[Extracted data]
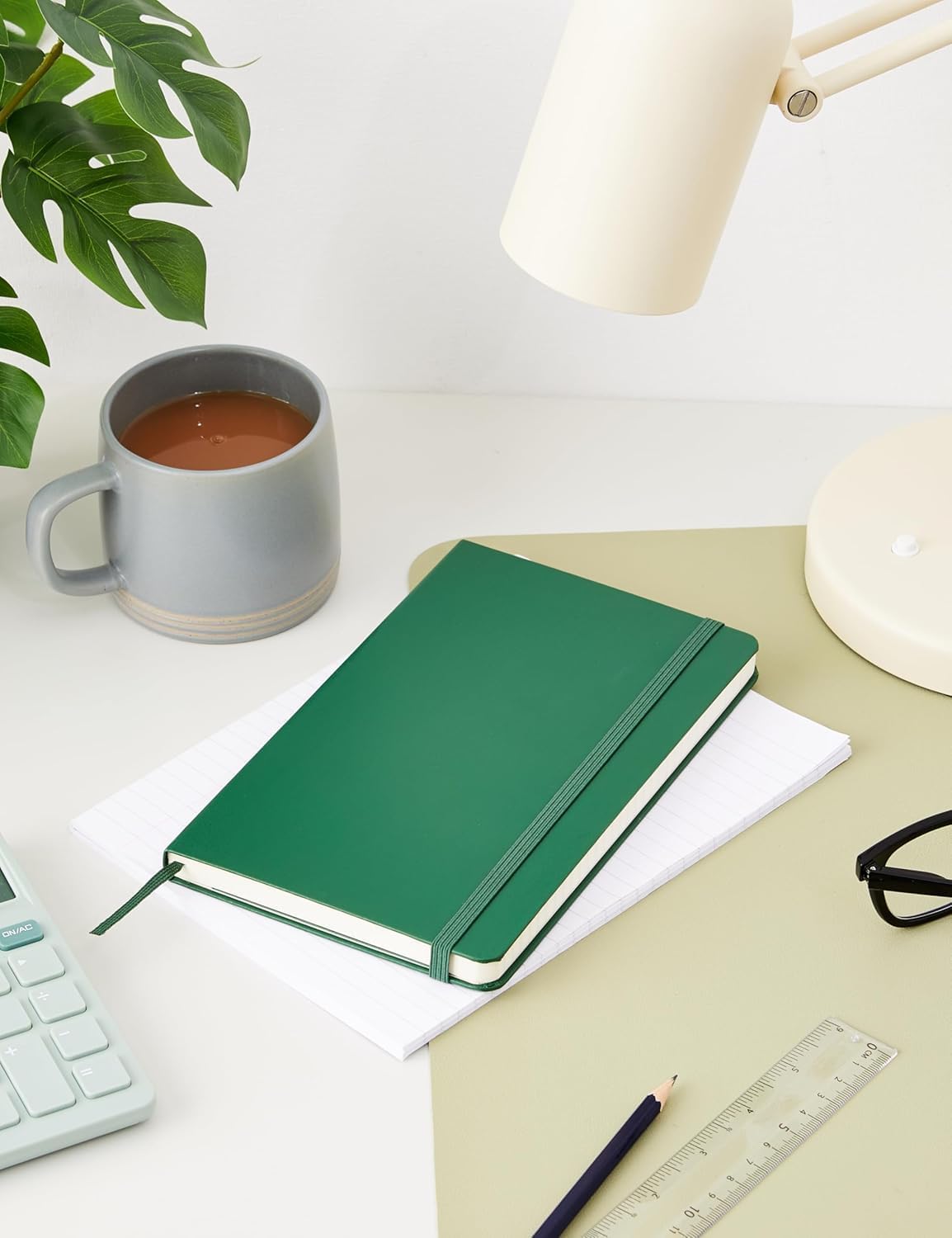 Thumbnail 3 de Moleskine Classic Notebook – Myrtle Green, Large (13 x 21 cm), 240 Pages
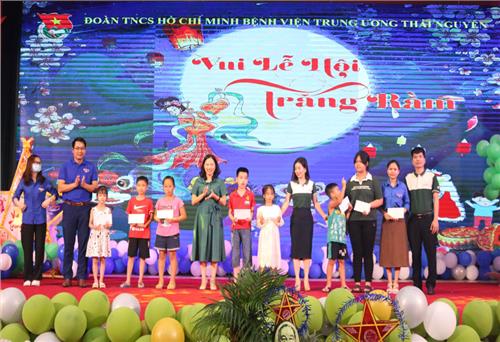 Bệnh viện Trung ương Thái Nguyên: Vui hội trăng rằm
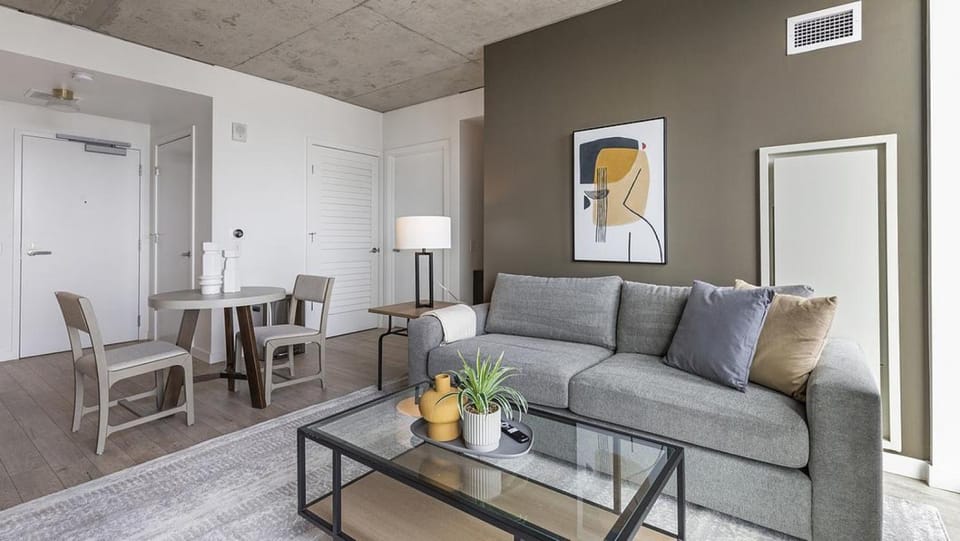 Landing - Modern Apartment with Amazing Amenities (ID1187X358) Apartment in Portland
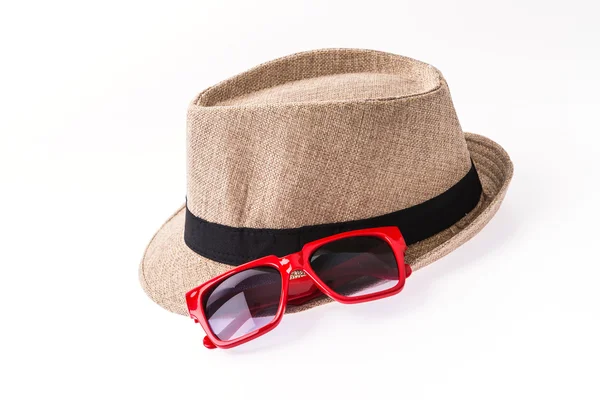 Chapeau et lunettes de soleil rouges — Photo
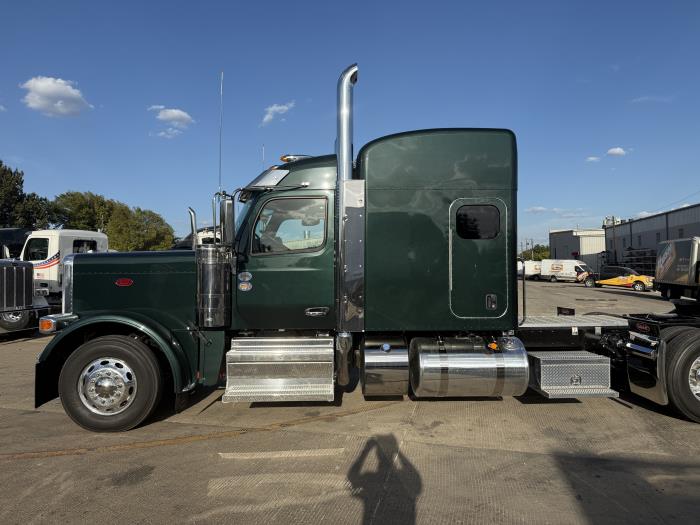 2027 Peterbilt 589-5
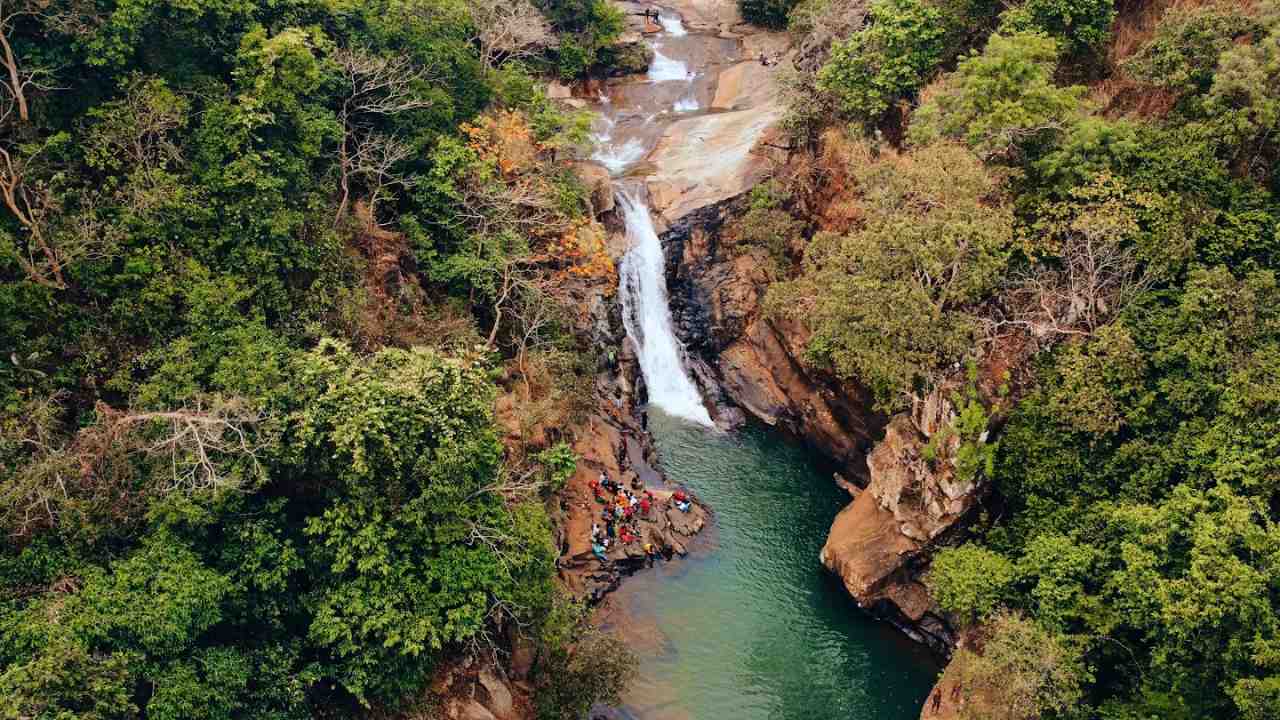 Machha Kandana Waterfall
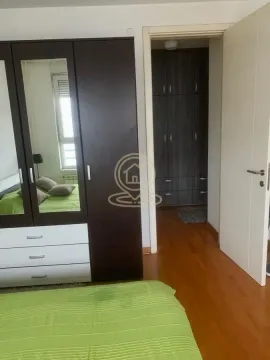 Nameštena spavaća soba sa velikim ormanom i bračnim krevetom. - image 7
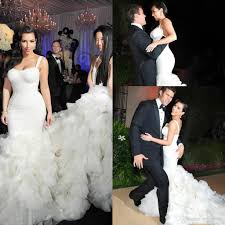 Get the best deals on kim kardashians wedding dress and save up to 70% off at poshmark now! Luxury Kim Kardashian Mermaid Wedding Dresses Sexy Straps Organza Ruffle Skirt Long Chapel Train Formal Trumpet Bridal Gowns Custom Made Expensive Wedding Dresses Mermaid Style Wedding Dresses From Sexybride 153 05 Dhgate Com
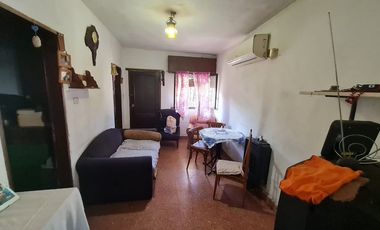 Casa con un hermoso terreno de 462 m2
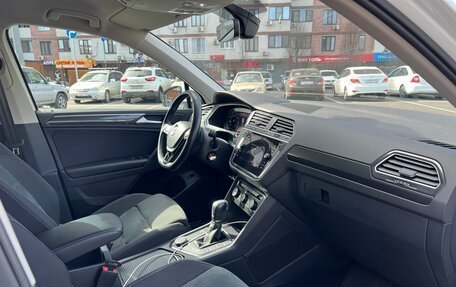 Volkswagen Tiguan II, 2018 год, 3 900 000 рублей, 19 фотография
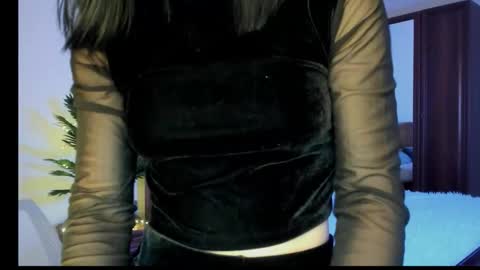 mila_dance_ online show from 01/07/26, 12:18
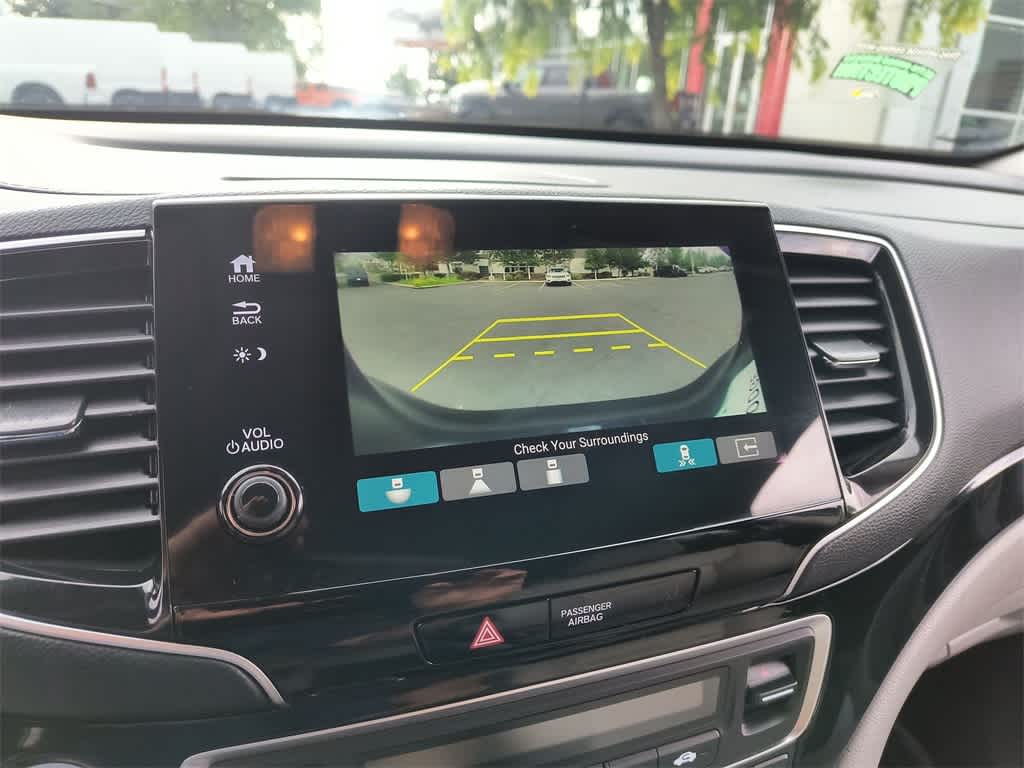 Thumbnail: 2020 Honda Pilot - 17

[Task item] Each entry needs to be returned verbatim, with its pictures left out.

[Answer]
 Thumbnail 3 de Moleskine Classic Notebook – Myrtle Green, Large (13 x 21 cm), 240 Pages
 Bệnh viện Trung ương Thái Nguyên: Vui hội trăng rằm
 Landing - Modern Apartment with Amazing Amenities (ID1187X358) Apartment in Portland
 Chapeau et lunettes de soleil rouges — Photo
 2027 Peterbilt 589-5
 Machha Kandana Waterfall
 Nameštena spavaća soba sa velikim ormanom i bračnim krevetom. - image 7
 Get the best deals on kim kardashians wedding dress and save up to 70% off at poshmark now! Luxury Kim Kardashian Mermaid Wedding Dresses Sexy Straps Organza Ruffle Skirt Long Chapel Train Formal Trumpet Bridal Gowns Custom Made Expensive Wedding Dresses Mermaid Style Wedding Dresses From Sexybride 153 05 Dhgate Com
 Casa con un hermoso terreno de 462 m2
 Volkswagen Tiguan II, 2018 год, 3 900 000 рублей, 19 фотография
 mila_dance_ online show from 01/07/26, 12:18
 Thumbnail: 2020 Honda Pilot - 17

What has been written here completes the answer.